I have a program that computes the mean average for positive integers up to the number the user inputs. I need to be able to specify what two positive numbers I want to compute the mean average of. Here is the code using a for loop to find the average when the user inputs a number.

#include "stdafx.h"
#include <iostream>
using namespace std;

int main()
{
int value; // value is some positive number n
int total = 0; // total holds the sum on the first n positive numbers
int number; // the amount of numbers
float mean; // the average of the first n positive numbers

cout << "Please enter a positive number" << endl;
cin >> value;

if (value > 0)
{
for (number = 1; number <= value; number++)
{
total = total + number;
}
mean = static_cast<float>(total) / value;
cout << "The mean average of the first " << value
<< " positive integers is " << mean << endl;
}

else
{
cout << "Invalid input - integer must be positive" << endl;
}
return 0;
}

does it work, did you have a question?

some unimportant thoughts...
- this problem can be solved directly, without the loop, it is a simple formula.
- total+= number instead of total= total+number is slightly cleaner looking (no harm here)
- floats have a very low resolution, always use doubles.

Thanks for answering.
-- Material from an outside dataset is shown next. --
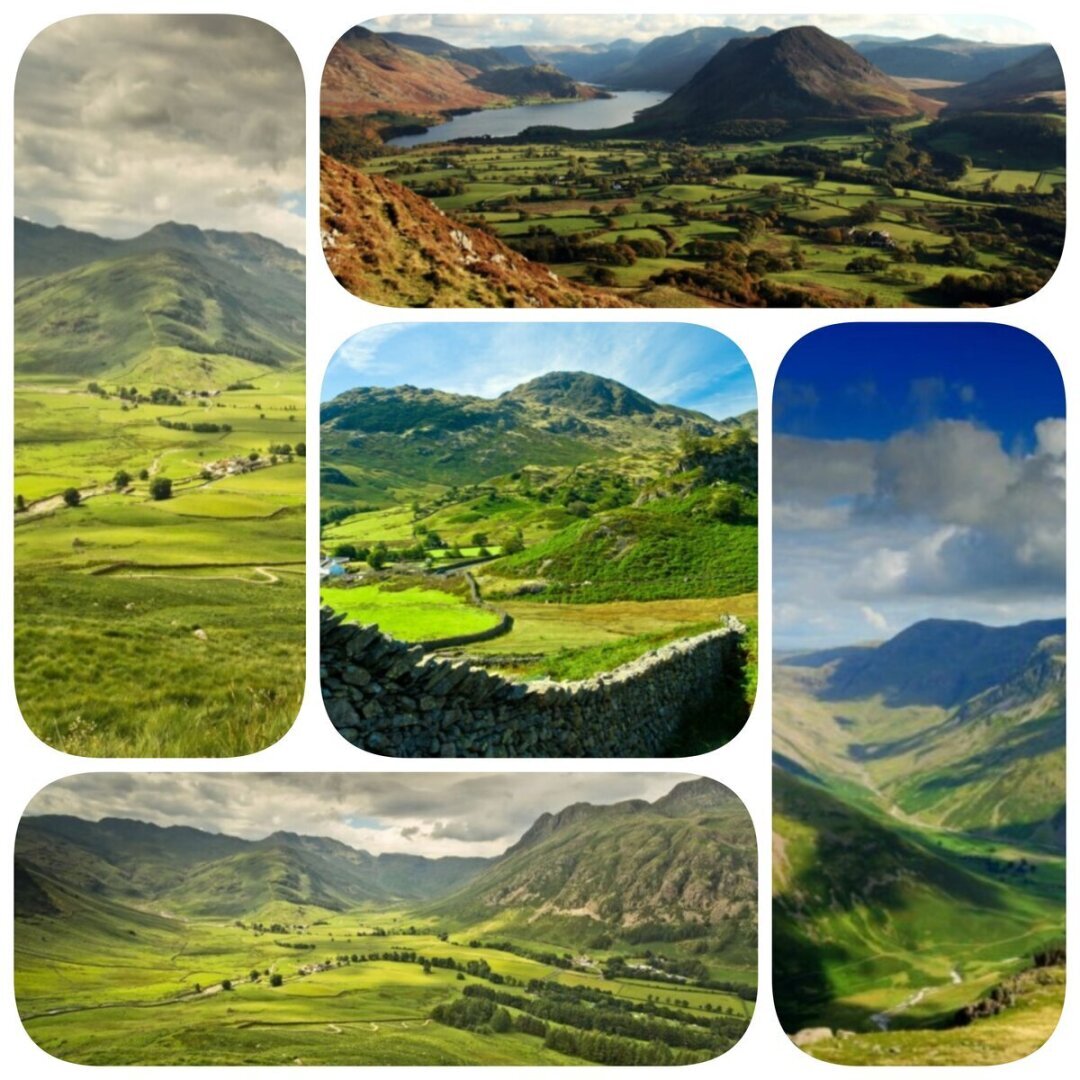 8 самых опасных достопримечательностей в мире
I need to make the program accept two positive numbers from the user. Then it must add all the numbers in between those two numbers together and find an average. So if the user enters lets say 2 and 4 the program should add 2 + 3 + 4 and then divide by 3 to find the mean average

oh, I see.
you just need to
int start;
cin >> start; //add same logic to ensure >= 0 or >0 depending on your wants (strictly, 0 isnt positive, but it has a drastic effects on averages so it matters)
and then change the for loop
for(i = start; i <= value; i++)

you also want to either force start < value OR reverse them if not, else the for loop will be skipped (that is for (i = 10, i <= 5; i++) will never enter the loop body)

Thanks for your help I'll give that a try after work.